HubSpot research finds 96% of companies that have 101 or more new opportunities in their sales pipeline each month achieve their quota vs. 85% for those with 51 to 100 opportunities and a dismal 18% for those with less than 50. Clearly, it seems there is a link between sales opportunities in the pipeline and achieving sales quotas. Now you know.
Speaking of sales, bankers should note that despite the issues at Wells Fargo as of late, cross-selling doesn't have to be a bad word. In fact, small business owners want their bank to cross-sell, according to a Barlow Research Associates Flash Panel.
The firm's survey found that the vast majority of respondents actually appreciate it when their bank proactively offers solutions. Indeed, 86% said that they would feel even more confident in the ability of their bank to meet their needs, if their relationship manager takes the time to truly understand how their business could be best served -- and then recommends the right products and services at the time they are most needed.
Meanwhile, a hefty 75% of respondents say they would actually buy more bank products and services, if the solutions were recommended at that time. Virtually all of the respondents say their bank should know the specifics of what they need, but only 39% say their bank is superior at this.
Now, we know that community bankers are masters at knowing their customers. However, timing is everything. So, make sure you ask different questions and dig a little deeper at times.
Small business owners particularly like it when their bank actively monitors their account for atypical activity resulting in unexpected fees, and then recommends solutions to better manage the account. Respondents felt this made the relationship stronger and gave them confidence in knowing that their bank was helping them when they needed it.
Cross-selling the right way can also lead to more referrals. One respondent stated that if a bank is proactive in helping them find solutions, they would do all their business there and refer others as well. A referral program could help reward your customers for this type of high-level compliment. However, the point is not that you need the referral program for referrals, but that you are thanking your loyal customers for their trust in referring friends and family to your bank.
So how can banks make sure they are cross-selling the right way?
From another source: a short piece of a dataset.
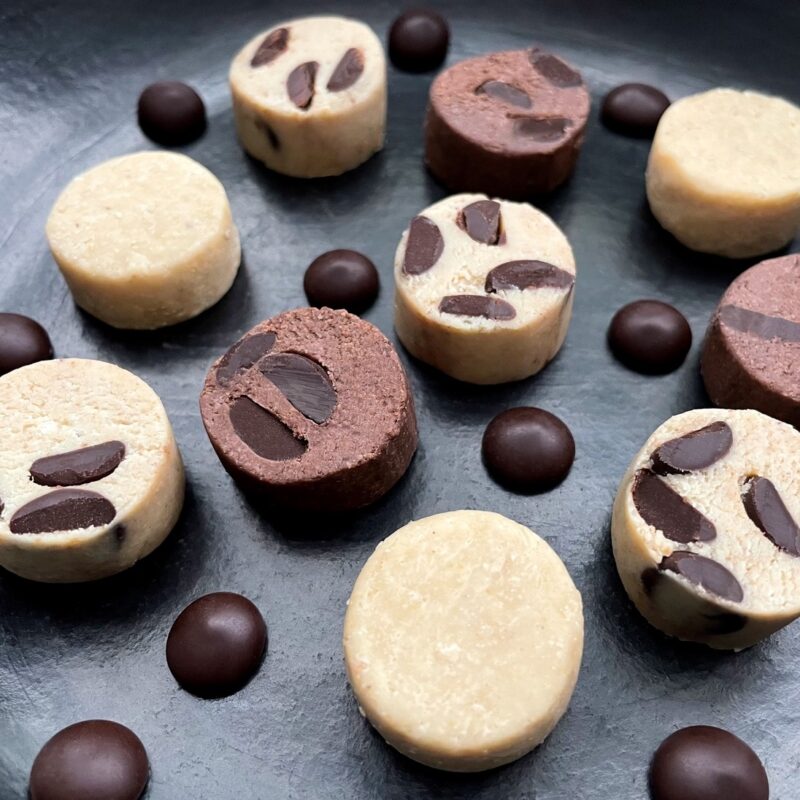 Nibble Simply Multipack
Start with those customers that have just a few services and try to fill one more need. Regular discussions with your customer facing teams will help identify the best product or service opportunities for each customer. Then, once you have a good idea of the direction of a given business, you can set up tailored communication campaigns. These can be boosted by using advanced analytics to flag when particular solutions would be most useful. Teams could also be armed with analytical tools that immediately generate custom sales documents, automatic follow-up emails, or referral forms.
If done the right way, cross-selling doesn't have to turn off small business customers. Indeed, if you look and listen for not only what they need, but also when they need it, customers will be happy to give you a larger share of their business, greater loyalty and enthusiastic referrals.
Good luck out there as you work to build your pipeline of customer opportunities and continue to help small business owners in your community.